WebGPU Device Detection
WebGPU provides GPU acceleration for 3-5x faster inference compared to WASM. Use device detection to automatically select the best backend:
import { transformers, isWebGPUAvailable } from '@localmode/transformers';
// Detect optimal device at app startup
const device = (await isWebGPUAvailable()) ? 'webgpu' : 'wasm';
// Pass device to model creation
const model = transformers.embedding('Xenova/bge-small-en-v1.5', {
device,
quantized: true,
});This is especially valuable for compute-heavy tasks like embeddings, reranking, and speech processing.

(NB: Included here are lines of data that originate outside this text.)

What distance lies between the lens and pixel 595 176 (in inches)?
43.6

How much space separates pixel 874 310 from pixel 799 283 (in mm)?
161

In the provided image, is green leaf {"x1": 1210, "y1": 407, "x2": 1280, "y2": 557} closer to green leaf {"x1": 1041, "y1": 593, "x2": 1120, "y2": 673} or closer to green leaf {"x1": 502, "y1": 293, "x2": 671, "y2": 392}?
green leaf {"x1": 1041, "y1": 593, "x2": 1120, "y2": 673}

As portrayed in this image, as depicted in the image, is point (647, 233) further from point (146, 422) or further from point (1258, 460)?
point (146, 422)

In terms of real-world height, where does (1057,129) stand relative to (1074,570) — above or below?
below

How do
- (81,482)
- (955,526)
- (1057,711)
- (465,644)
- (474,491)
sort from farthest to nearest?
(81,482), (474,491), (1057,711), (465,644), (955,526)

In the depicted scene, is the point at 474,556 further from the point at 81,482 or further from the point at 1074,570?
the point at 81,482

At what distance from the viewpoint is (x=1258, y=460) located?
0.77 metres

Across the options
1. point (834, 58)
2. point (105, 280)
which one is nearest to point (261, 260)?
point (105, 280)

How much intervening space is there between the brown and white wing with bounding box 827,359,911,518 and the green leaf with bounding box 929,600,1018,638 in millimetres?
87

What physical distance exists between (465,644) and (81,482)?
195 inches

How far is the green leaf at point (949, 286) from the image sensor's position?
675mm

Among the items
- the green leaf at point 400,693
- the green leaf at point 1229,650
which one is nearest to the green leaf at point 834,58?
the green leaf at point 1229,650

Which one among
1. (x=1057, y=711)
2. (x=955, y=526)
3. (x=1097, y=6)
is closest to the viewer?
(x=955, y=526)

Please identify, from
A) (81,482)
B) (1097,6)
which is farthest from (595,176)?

For lightweight tasks (classification, fill-mask), WASM performance is often sufficient.
Abort Error Handling
All @localmode functions support AbortSignal for cancellation. A clean abort pattern involves a custom error class in your service layer and proper handling in your hooks:
Service layer — Create and throw a recognizable abort error:
// _services/embedding.service.ts
export class EmbeddingAbortError extends Error {
constructor() {
super('Embedding was cancelled');
this.name = 'EmbeddingAbortError';
}
}
export async function generateEmbeddings(
texts: string[],
signal?: AbortSignal
) {
try {
return await embedMany({ model: getModel(), values: texts, abortSignal: signal });
} catch (error) {
if (error instanceof Error && error.name === 'AbortError') {
throw new EmbeddingAbortError();
}
throw error;
}
}Hook layer — Manage the AbortController lifecycle and distinguish abort from real errors:
// _hooks/use-embedding.ts
export function useEmbedding() {
const store = useEmbeddingStore();
const controllerRef = useRef<AbortController | null>(null);
const generate = async (texts: string[]) => {
// Cancel any in-flight request
controllerRef.current?.abort();
controllerRef.current = new AbortController();
store.setLoading(true);
store.clearError();
try {
const result = await generateEmbeddings(texts, controllerRef.current.signal);
store.setResult(result);
} catch (error) {
if (error instanceof EmbeddingAbortError) {
return; // Silently ignore — user cancelled
}
store.setError(error instanceof Error ? error.message : 'Unknown error');
} finally {
store.setLoading(false);
}
};
const cancel = () => controllerRef.current?.abort();
return { generate, cancel };
}Always abort the previous request before starting a new one. This prevents race conditions where an old response overwrites a newer one.
Vision (Image Input)
Qwen3.5 ONNX models support vision input via their built-in vision encoder. Images are processed through AutoProcessor and fed to the model alongside text.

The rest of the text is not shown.